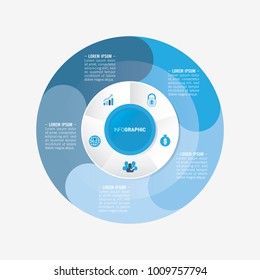 vector circle for infographic template, pie charts blue with 5 steps
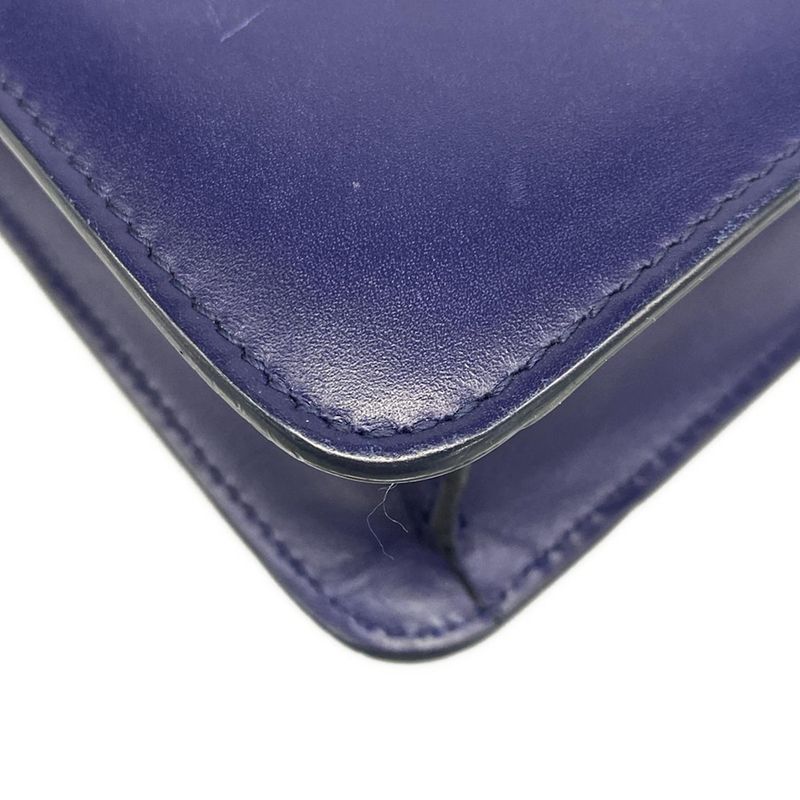 Bvlgari Shoulder Bag Serpenti Navy Blue Chain Leather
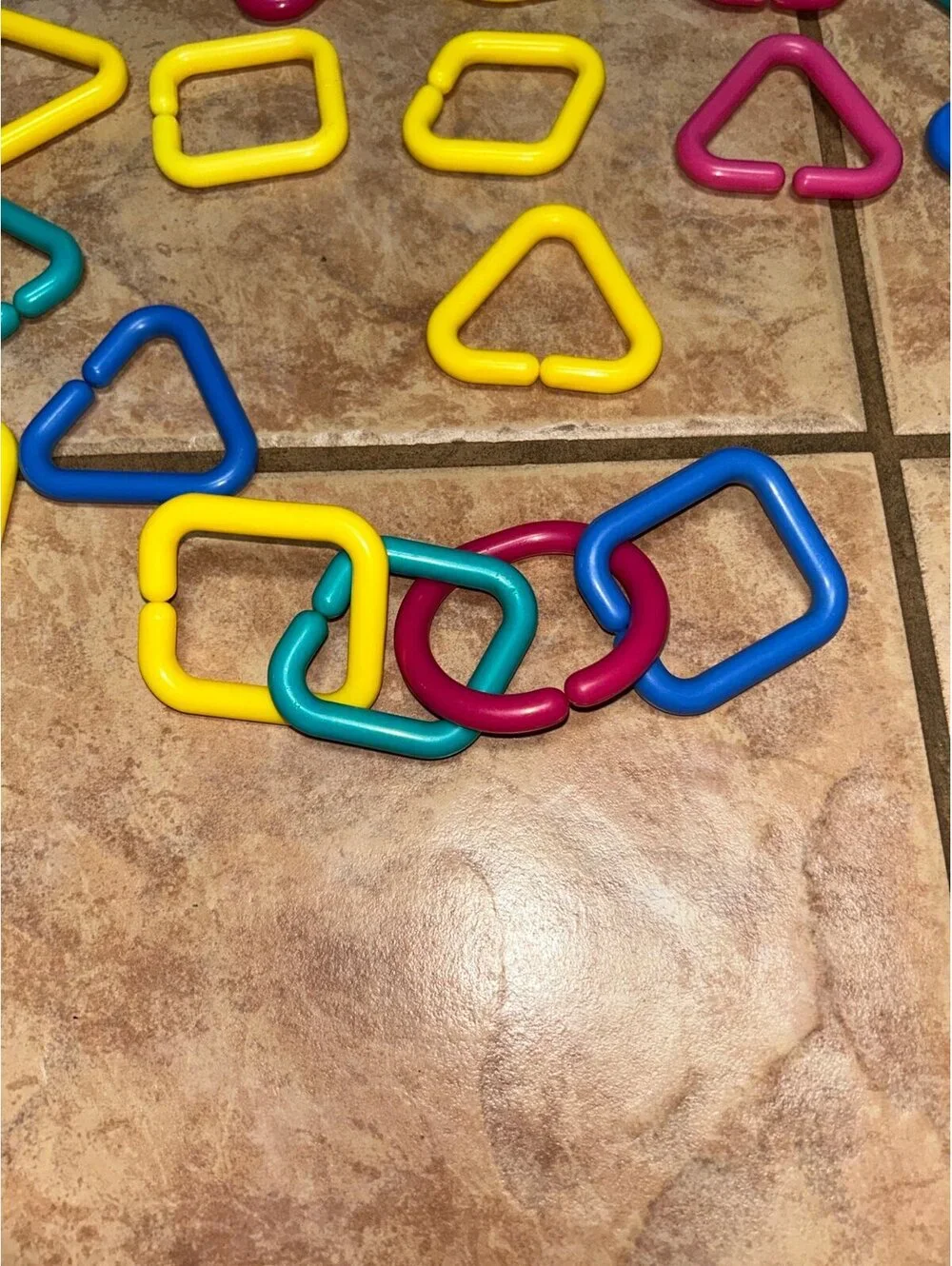 40pc Colorful Linking Shapes Preschool Learning Toys Circles Squares Triangles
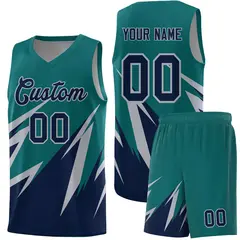 Teal Abstract Mountain Pattern Basketball Jersey 1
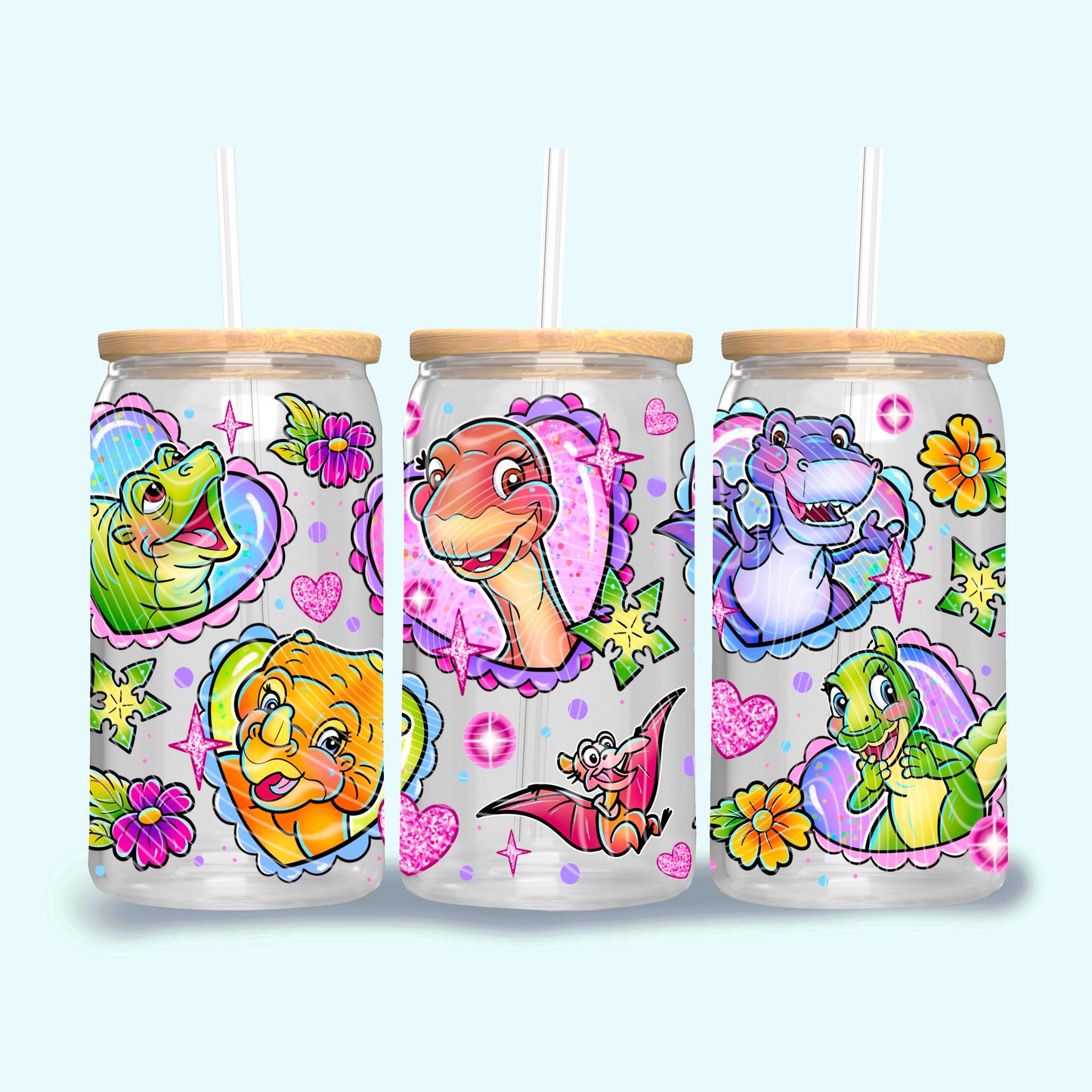 Valentine Dino Love 16oz UV DTF Transfer Film G125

○ ○ ○ ○ ○ ○ ○

Your instructions: Copy the records above from the first line through the line containing "40pc Colorful Linking", both included, and leave out any pictures.

Solution:
 vector circle for infographic template, pie charts blue with 5 steps
 Bvlgari Shoulder Bag Serpenti Navy Blue Chain Leather
 40pc Colorful Linking Shapes Preschool Learning Toys Circles Squares Triangles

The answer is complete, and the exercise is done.